Началась леденящая душу погоня. Три автомобиля мчались по проспекту, лавируя между машинами и распугивая ошарашенных пешеходов. Оперативники передали информацию по всем службам ГИБДД. Одна из машин патрульной службы, оказавшаяся на Крестовском острове, вышла на перехват. На мосту бандиты были блокированы. Оперативники бросились к их автомобилю, держа оружие наперевес. Самым проворным из преступников оказался Герман. Он выскочил из машины и, сумев миновать кольцо милиционеров, бросился в сторону парка, начинающегося за мостом. Ларин метнулся за ним. После предупредительного выстрела, оперативник открыл огонь на поражение. Однако Герман и здесь проявил проворность. Он бежал петляя, чтобы уйти от милицейских пуль. Погоня продолжилась на дорожке парка.

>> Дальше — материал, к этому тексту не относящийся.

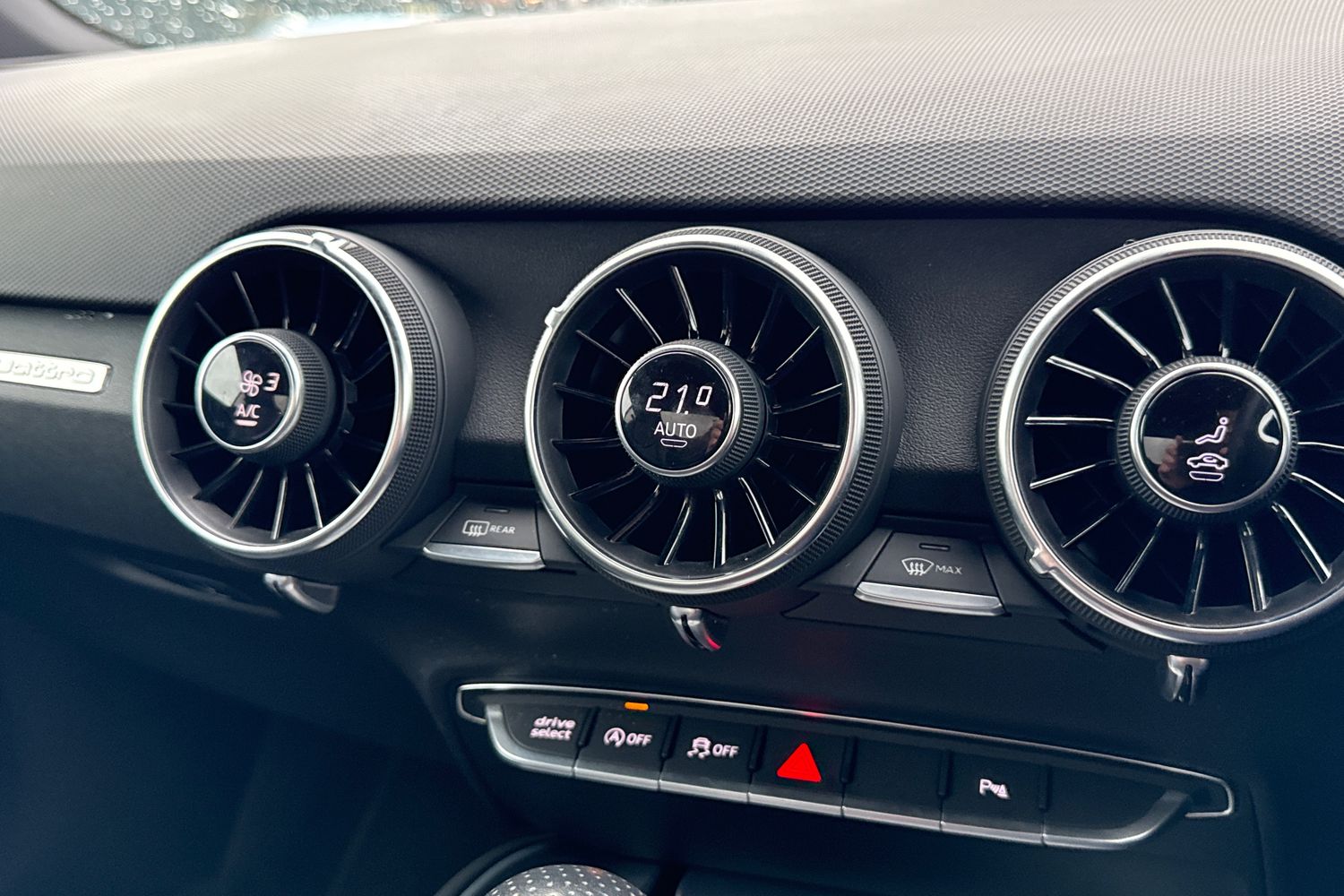 Used Audi TTS 2022 for sale - 77879130: Photo 46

Выкуренное за долгие годы службы бесчисленное количество сигарет давало о себе знать. Ларин стал задыхаться. В тот момент, когда Герман был уже совсем рядом, оперативник почувствовал, что ему не хватит выносливости догнать преступника. К счастью дорожка парка на этом участке была прямой. Ларин остановился и, переведя дыхание, тщательно прицелился. Раздался выстрел, после которого Герман, вскинув руки, упал на землю. Через пять минут раненого в ногу преступника погрузили в «упаковку».
В тот же день капитан Ларин встретился с дядей Шерстобитова Юрией Евгеньевичем, коллекционером, собирателем старых писем. Шерстобитов-старший жил на Садовой, возле рынка. По дороге к нему оперативник должен был пройти мимо бесконечных торговых рядов, скученных на площади. Шум, запахи еды и грязь перемешались на огромном торжище в самом центре культурной столицы. Миновав площадь капитан оказался у четырехэтажного грязно-желтого здания.